Also, I'll add a link to
[http://wsprnet.org/drupal/wsprnet/map](http://wsprnet.org/drupal/wsprnet/map)
. Essentially this shows the transmitter and receiver locations for low power
beacons, which might give you a sense of what HF propogation looks like. It
will vary according to the time of day and solar conditions.

------
bloomer
Useful description from the documentation about what is new about this as
amateur packet radio has a long history.

The NPR protocol is designed to transfer IP data over radio links, in a
bidirectional way (single frequency). This protocol is in the middle between
old packet radio (AX.25) and HSMM-Hamnet with Wifi equipment. This protocol is
designed by a HAM for HAMs.
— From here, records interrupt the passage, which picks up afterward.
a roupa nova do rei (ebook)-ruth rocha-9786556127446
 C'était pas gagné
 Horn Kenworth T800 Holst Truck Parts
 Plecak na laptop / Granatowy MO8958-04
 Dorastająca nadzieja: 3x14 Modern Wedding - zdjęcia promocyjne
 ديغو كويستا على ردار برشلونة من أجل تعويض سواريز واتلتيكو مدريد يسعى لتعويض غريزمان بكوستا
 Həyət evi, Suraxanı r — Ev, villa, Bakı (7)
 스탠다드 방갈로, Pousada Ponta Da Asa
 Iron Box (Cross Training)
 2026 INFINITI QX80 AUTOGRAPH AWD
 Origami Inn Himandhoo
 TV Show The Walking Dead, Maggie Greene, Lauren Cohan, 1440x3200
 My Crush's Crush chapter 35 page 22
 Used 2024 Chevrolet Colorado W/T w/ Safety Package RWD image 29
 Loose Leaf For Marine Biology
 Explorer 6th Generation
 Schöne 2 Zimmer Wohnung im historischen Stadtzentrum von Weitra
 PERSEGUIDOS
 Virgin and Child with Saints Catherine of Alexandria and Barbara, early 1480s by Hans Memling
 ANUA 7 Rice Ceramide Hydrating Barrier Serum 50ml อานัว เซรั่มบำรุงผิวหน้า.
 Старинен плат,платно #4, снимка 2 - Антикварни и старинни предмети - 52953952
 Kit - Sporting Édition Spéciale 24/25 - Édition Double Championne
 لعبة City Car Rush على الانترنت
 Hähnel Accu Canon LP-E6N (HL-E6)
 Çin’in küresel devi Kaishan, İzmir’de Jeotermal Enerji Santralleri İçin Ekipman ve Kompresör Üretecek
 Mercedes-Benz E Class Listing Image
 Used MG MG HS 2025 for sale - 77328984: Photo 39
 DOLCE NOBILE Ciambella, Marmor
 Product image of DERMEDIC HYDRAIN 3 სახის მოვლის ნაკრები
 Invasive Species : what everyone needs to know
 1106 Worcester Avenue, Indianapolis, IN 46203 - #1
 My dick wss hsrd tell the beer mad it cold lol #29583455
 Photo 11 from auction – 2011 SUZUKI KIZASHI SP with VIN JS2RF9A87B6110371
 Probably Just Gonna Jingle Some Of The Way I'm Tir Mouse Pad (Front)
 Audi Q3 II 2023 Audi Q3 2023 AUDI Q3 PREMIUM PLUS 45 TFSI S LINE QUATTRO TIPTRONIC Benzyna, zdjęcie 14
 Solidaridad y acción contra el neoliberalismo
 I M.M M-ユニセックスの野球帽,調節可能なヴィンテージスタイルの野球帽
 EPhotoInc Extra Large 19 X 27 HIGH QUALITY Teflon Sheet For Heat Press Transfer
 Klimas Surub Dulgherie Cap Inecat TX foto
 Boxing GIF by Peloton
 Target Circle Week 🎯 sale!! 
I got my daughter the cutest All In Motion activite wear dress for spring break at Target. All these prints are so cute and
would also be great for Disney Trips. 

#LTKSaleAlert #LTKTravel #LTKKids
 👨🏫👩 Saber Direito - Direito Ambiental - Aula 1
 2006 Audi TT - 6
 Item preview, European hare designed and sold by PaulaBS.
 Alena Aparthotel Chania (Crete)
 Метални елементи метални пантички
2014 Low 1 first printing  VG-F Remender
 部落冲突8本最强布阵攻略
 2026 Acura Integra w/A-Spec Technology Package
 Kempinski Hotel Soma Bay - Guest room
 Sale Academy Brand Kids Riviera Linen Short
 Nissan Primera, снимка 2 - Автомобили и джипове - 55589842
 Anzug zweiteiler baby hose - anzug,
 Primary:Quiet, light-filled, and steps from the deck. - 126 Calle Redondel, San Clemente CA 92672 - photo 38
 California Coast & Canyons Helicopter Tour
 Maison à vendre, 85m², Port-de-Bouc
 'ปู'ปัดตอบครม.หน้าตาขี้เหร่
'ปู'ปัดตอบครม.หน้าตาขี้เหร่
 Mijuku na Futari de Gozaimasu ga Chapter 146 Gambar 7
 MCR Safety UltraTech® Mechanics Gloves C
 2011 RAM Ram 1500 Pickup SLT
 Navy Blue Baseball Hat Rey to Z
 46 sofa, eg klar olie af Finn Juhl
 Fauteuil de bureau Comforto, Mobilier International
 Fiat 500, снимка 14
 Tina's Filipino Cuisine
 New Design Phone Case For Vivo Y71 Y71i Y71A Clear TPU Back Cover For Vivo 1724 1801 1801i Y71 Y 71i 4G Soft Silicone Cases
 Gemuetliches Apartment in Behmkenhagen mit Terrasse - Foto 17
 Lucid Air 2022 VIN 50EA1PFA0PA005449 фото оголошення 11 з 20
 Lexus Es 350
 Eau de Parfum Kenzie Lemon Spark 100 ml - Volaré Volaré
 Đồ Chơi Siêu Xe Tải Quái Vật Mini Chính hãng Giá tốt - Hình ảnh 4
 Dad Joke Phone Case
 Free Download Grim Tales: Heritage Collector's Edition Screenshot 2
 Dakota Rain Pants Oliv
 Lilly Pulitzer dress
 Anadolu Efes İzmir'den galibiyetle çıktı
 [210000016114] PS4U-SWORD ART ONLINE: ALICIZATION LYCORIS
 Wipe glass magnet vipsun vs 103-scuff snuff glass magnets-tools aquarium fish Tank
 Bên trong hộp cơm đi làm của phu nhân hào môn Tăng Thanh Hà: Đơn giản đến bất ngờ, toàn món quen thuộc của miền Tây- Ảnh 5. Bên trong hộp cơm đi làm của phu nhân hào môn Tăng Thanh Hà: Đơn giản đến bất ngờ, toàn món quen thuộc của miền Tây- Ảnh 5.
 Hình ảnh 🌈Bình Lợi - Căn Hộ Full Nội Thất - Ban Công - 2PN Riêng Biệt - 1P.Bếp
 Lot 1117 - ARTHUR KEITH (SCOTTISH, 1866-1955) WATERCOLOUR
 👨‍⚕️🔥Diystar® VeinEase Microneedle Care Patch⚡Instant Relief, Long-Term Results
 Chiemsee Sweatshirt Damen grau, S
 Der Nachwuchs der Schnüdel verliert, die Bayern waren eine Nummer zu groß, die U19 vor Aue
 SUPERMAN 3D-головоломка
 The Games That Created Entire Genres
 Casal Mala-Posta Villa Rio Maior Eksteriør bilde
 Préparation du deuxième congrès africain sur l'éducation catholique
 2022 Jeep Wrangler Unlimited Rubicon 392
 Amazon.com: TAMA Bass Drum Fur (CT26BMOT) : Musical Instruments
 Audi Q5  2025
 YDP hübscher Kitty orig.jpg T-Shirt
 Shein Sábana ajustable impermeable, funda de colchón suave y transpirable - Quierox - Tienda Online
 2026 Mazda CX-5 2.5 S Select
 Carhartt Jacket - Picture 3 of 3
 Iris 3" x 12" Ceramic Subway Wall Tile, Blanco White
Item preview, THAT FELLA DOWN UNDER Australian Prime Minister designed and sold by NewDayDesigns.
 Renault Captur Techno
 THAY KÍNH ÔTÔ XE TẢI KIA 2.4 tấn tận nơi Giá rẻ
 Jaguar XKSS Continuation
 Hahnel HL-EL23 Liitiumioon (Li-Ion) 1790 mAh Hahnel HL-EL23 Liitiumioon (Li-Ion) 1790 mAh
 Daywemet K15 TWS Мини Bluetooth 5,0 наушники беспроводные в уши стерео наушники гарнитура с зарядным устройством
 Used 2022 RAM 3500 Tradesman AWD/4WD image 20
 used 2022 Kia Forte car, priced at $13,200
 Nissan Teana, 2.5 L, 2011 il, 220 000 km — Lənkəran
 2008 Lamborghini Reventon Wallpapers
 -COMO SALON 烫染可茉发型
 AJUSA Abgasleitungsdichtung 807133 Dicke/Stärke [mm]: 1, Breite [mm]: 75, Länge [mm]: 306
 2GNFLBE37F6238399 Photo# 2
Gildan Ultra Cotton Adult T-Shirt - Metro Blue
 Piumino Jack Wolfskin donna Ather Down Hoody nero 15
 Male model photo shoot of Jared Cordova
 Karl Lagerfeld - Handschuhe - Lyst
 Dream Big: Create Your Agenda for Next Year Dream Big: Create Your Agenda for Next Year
The project is 100% open source : specification,
software, PCB.

This solution is complementary to HSMM-Hamnet (which uses Wifi equipments), on
lower frequencies 70cm). Radio links on 70cm band is much more robust to
obstacles. The data-rate available is also much smaller, but yet useable. We
can achieve several hundreds of kbps. The protocol is designed for “point to
multipoint” topology, with 1 central relay (called Master) and several clients
around.

------
nickysielicki
I wonder if IP is really the right decision. AX25 isn't the bottleneck with
existing packet radio, and because it's made for hams, it makes it easy to be
sure that you're really within your license requirements. ie: identification.
It's also difficult to accidentally send encrypted messages over AX25, whereas
on IP you have to really watch Wireshark and make sure you're not doing
something wrong. It's also not as chatty, which is a real concern when you
have a mesh network and someone is hearing you better than you're hearing them
--- it could get really messy without coordination. That being said, this is a
very exciting project. I'd love to see packet radio make some progress since
the 80s (outside of just repurposing 802.11 gear).

We need the ARRL to stop wasting their time on a watered down HOA bill that
they've been working on for like a decade, and start talking to the FCC about
modernizing regulations for the 21st century. Two things that come to mind are
that the spread spectrum/transmit bandwith restrictions are outdated, and
encryption requirements need to be formally relaxed so that common digital
communication like SSH or HTTPS can be supported to an extent -- I'm not
saying I want the ham bands filled with encrypted traffic, but I'm fine with
the small community of packet radio enthusiasts being able to remote into a
computer from afar.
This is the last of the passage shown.